=== What the task asks ===
The reply is to contain the full listing, repeated exactly, with pictures left out.

=== Given data ===
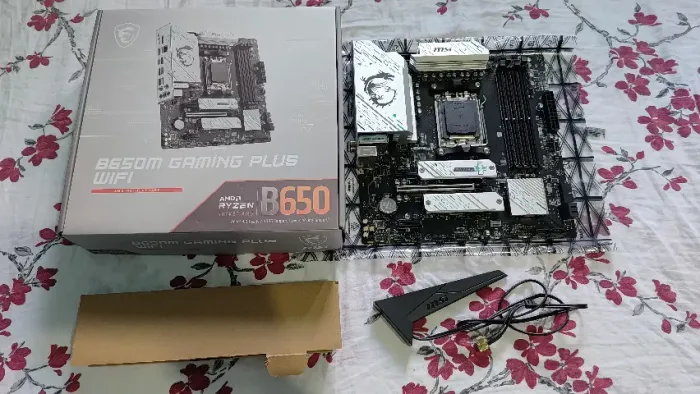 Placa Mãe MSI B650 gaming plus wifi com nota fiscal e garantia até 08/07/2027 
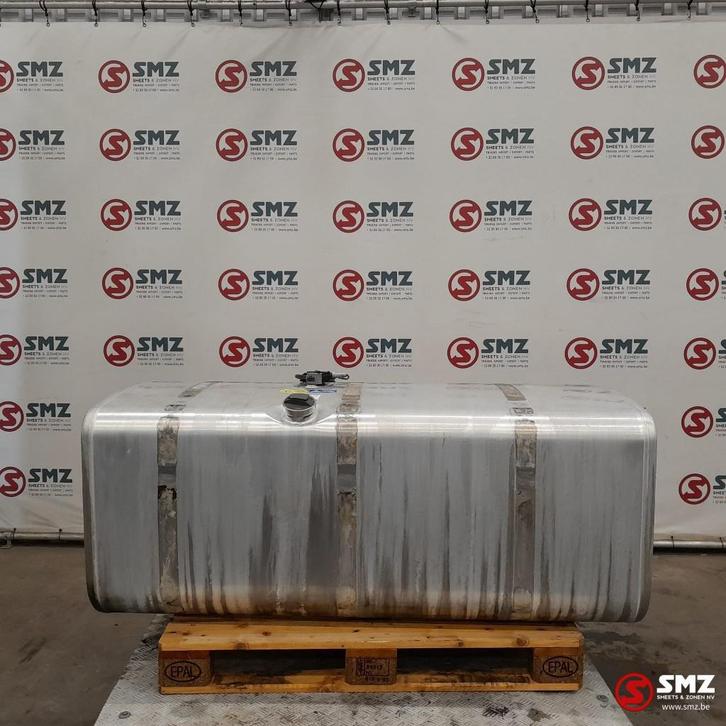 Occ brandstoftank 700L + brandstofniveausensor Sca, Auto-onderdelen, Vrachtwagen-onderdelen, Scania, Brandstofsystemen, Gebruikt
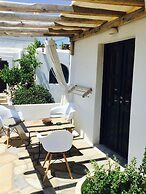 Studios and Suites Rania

=== Exercise result ===
 Placa Mãe MSI B650 gaming plus wifi com nota fiscal e garantia até 08/07/2027 
 Occ brandstoftank 700L + brandstofniveausensor Sca, Auto-onderdelen, Vrachtwagen-onderdelen, Scania, Brandstofsystemen, Gebruikt
 Studios and Suites Rania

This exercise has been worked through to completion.